His face is the same. The innocent face that made schoolgirls cry - and a sad few threaten hunger strike - when he was found guilty and jailed. That flawless, delicate face, pre-viously framed by a long, unkempt, rock-star mane, hiding behind dark sunglasses or staring moodily through the bars of a prison van on newspaper and magazine covers.
Nicholas Tse Ting-fung, guitar-smashing bad boy of popular music, and convicted criminal, is the closest thing Hong Kong has ever had to a fully fledged rock 'n' roll hell-raiser. Passionate about his craft, disdainful of public opinion and authority, Tse famously bolted for Vancouver in 1997, running out on his bosses at Fitto Records - now the powerful Emperor Entertainment Group (EEG) - because he was disappointed with Hong Kong's music industry and upset at the way the media treated him. We adored him for it. We couldn't get enough of Tse's indiscretions and rebellious antics: racing the paparazzi in glamorous Italian cars; conducting high-profile love affairs with Hong Kong's most desirable women. In a world of manufactured idols, here was the real thing: damaged, petulant, but always defiant and ever ready to flip the finger.
Then, at about 6am last March 23, all that fast living came crashing in on our handsome anti-hero. Tse skidded on rain-soaked Cotton Tree Drive, smashed his $2 million, black Ferrari F360 Modena into the guard rails and tore off the back of the car. What happened next is still reverberating through his life.
Tse rang EEG driver Shing Kwok-ting, who chauffeured many of the group's artists. After advising Tse to leave the car, Shing and Tse's personal assistant, Chow Chu-fai, suggested the star allow Shing to claim he was behind the wheel when the car crashed. The driver went to the scene and told traffic policeman Lau Chi-wai he would 'stand in' for Tse; Lau agreed. Stupid moves all round, as it transpired.
In April, Shing was convicted of conspiring to pervert the course of justice and was later sentenced to four months in jail. But Tse continued to act up. On May 16 he was caught driving his Audi at 133km/h in an 80km/h zone on the Tsing Kwai Highway; 11 days later police timed him driving his Ferrari F355 convertible at 155.8km/h in a 100km/h zone on West Kowloon Highway as he headed towards Chek Lap Kok. And in June he crashed and injured himself and three others when his $950,000 turbo-charged Audi S4 collided with a Mercedes-Benz on the North Lantau Expressway.

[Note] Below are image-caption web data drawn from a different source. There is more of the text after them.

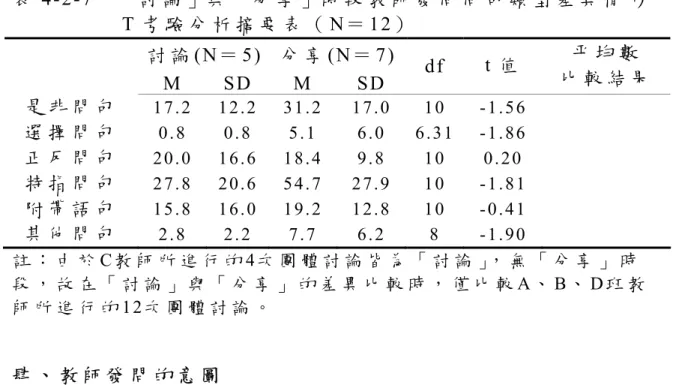 表 4-2-7  「 討 論 」與「 分 享 」時 段 教 師 發 問 問 句 類 型 差 異 情 形 T 考 驗 分 析 摘 要 表 （ N＝ 12）   討 論 (N＝ 5) 分 享 (N＝ 7)  M  SD  M  SD df  t 值   平 均 數 比 較 結 果 是 非 問 句 17.2 12.2 31.2  17.0  10  -1.56  選 擇 問 句 0.8 0.8 5.1  6.0 6.31 -1.86  正 反 問 句 20.0 16.6 18.4  9.8  10  0.20  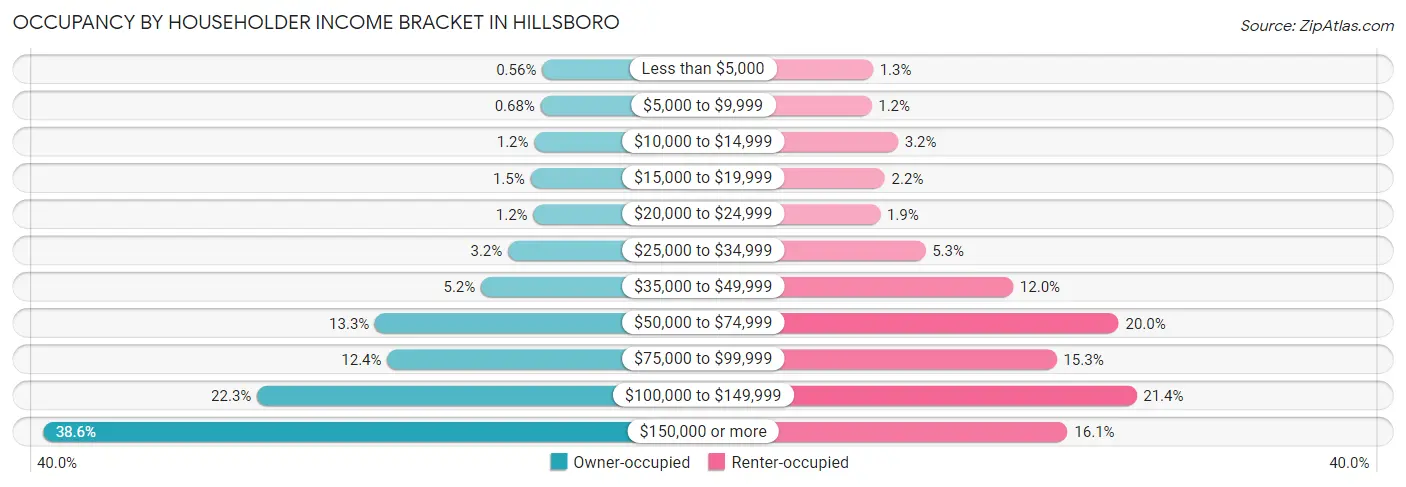 Occupancy by Householder Income Bracket in Hillsboro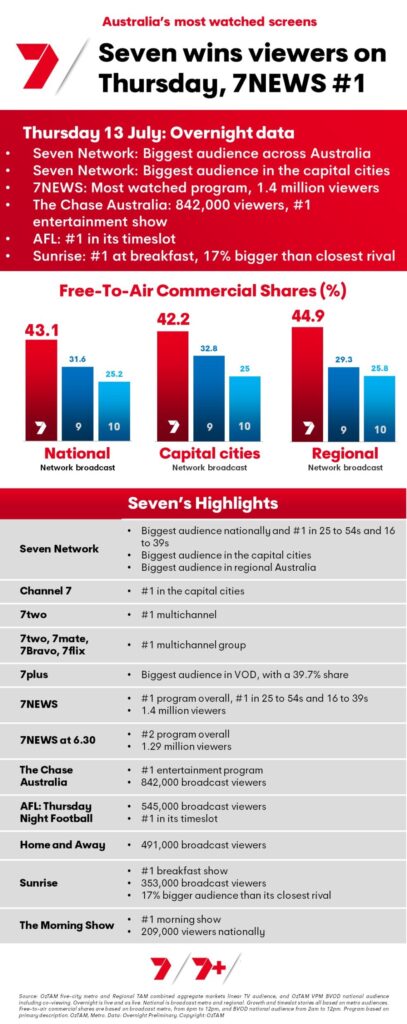 TV Ratings Australia
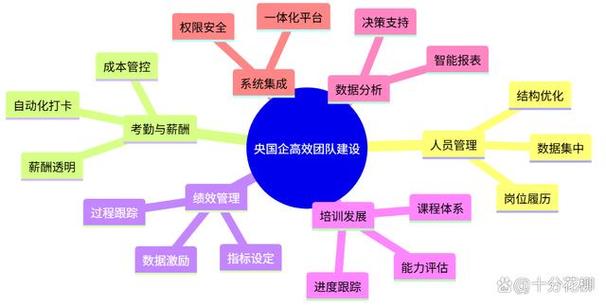 构建高效群组,让集团网站更高效运营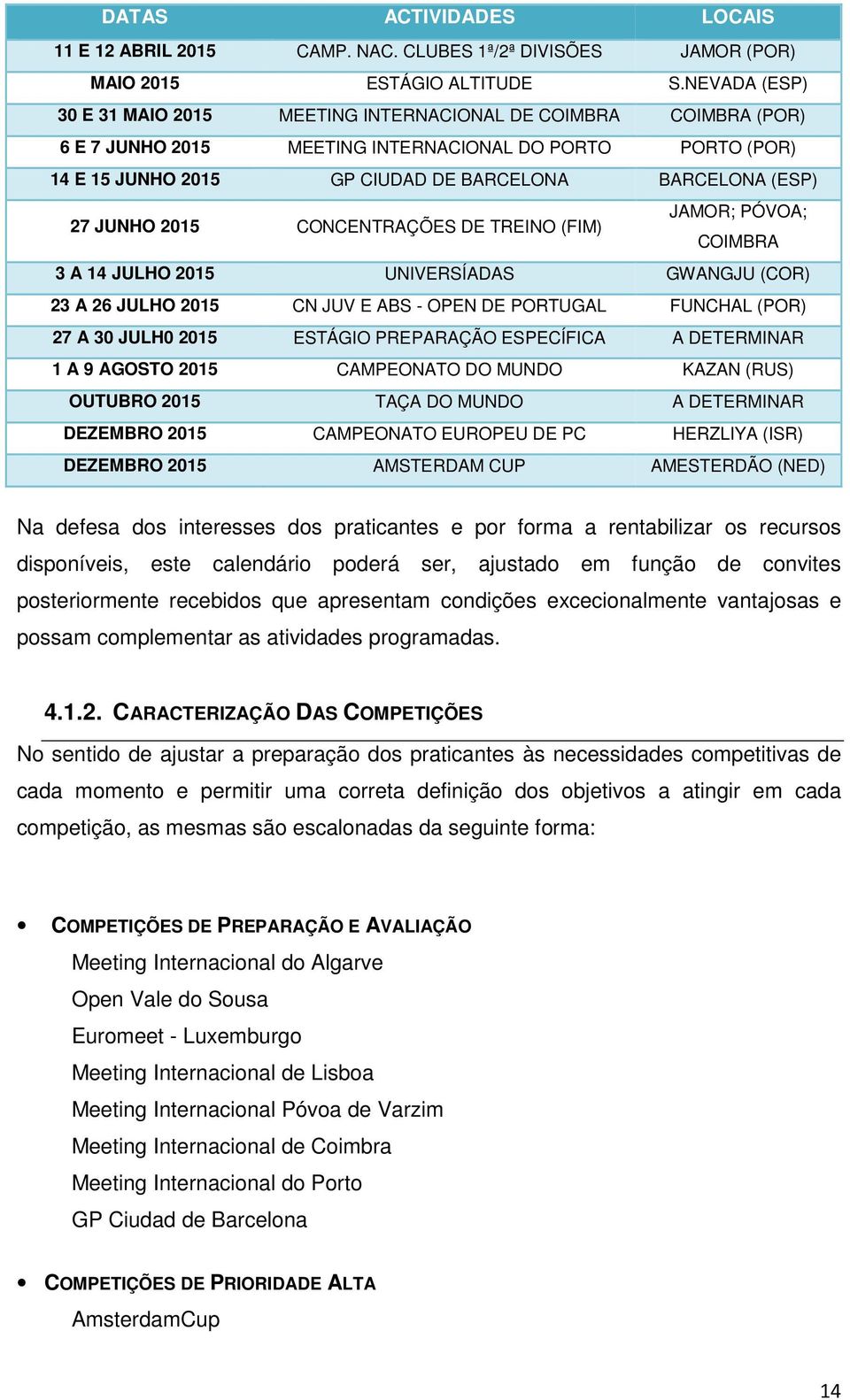 JUNHO 2015 CONCENTRAÇÕES DE TREINO (FIM) JAMOR; PÓVOA; COIMBRA 3 A 14 JULHO 2015 UNIVERSÍADAS GWANGJU (COR) 23 A 26 JULHO 2015 CN JUV E ABS - OPEN DE PORTUGAL FUNCHAL (POR) 27 A 30 JULH0 2015 ESTÁGIO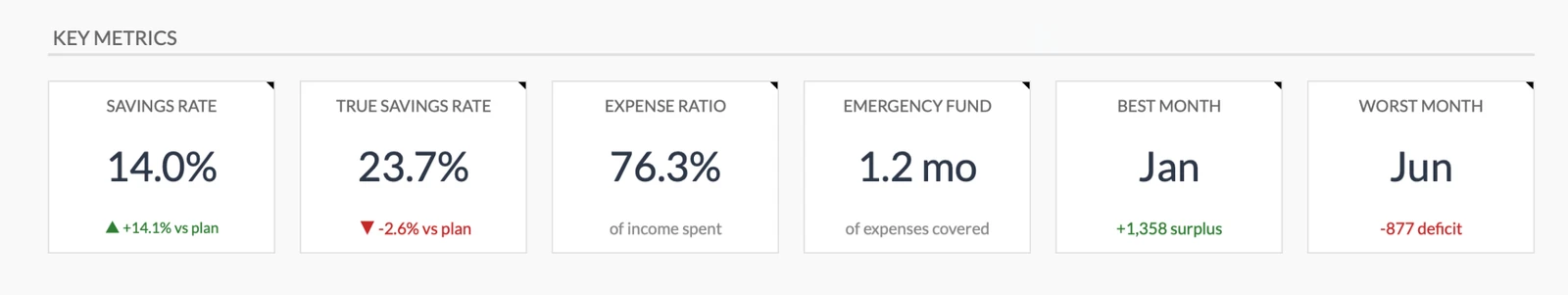 Key Financial Metrics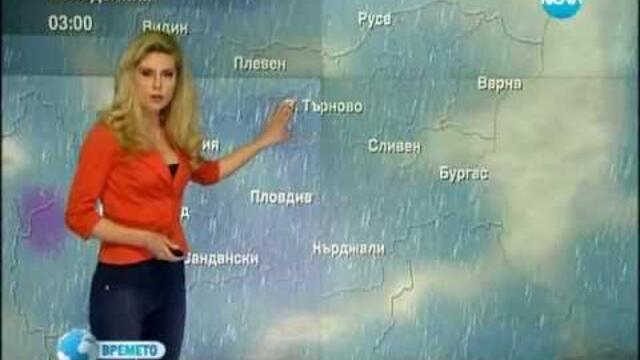 NOVA Weather forecast Bulgaria - 07.04.2013 (19:55h)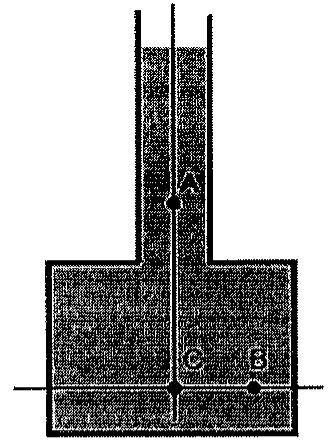 Recipiente cheio de líquido, formado por um tubo vertical estreito sobre uma base larga; o ponto A está no tubo estreito, mais acima, e os pontos C e B estão na base larga, no mesmo nível horizontal (C sob o tubo e B à direita).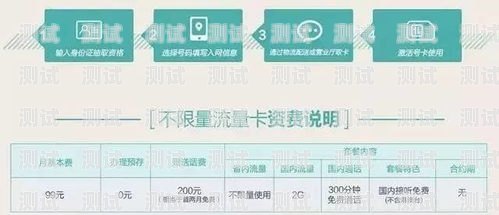 流量卡推广秘籍，提升曝光与销售的实用技巧怎样推广流量卡技巧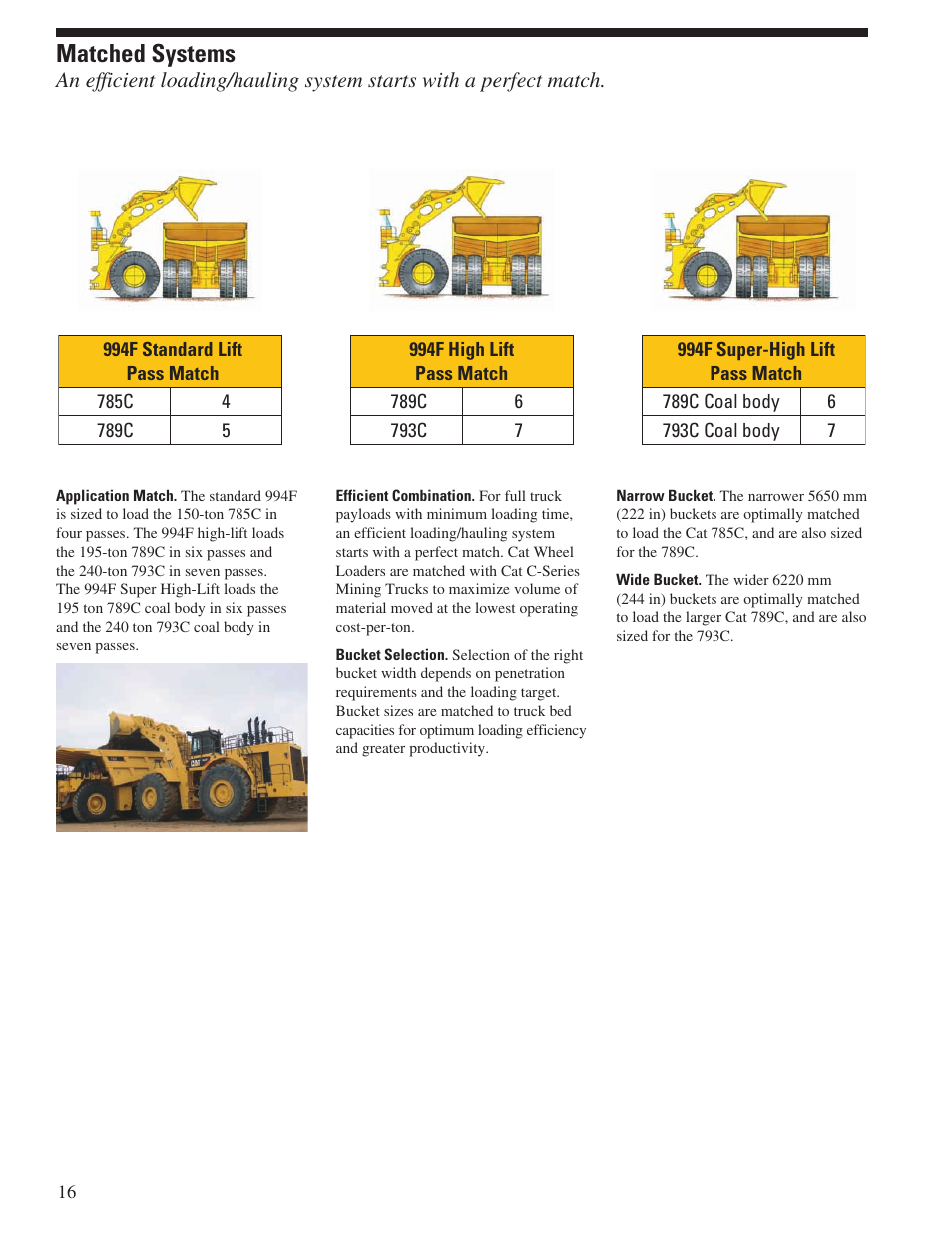 Matched systems | Milton CAT 994F User Manual | Page 16 / 32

By then, both Tse and policeman Lau were facing charges of perverting the course of justice. To top it all, it emerged Tse was with 22-year-old singer Cecilia Cheung Pak-chi and not his then-girlfriend, pop diva Faye Wong, 11 years his senior, at the time of the Cotton Tree Drive crash. The media went into a feeding frenzy. In October, Tse was found guilty and sentenced to 240 hours' community service; Lau was also convicted, but sent to prison for six months.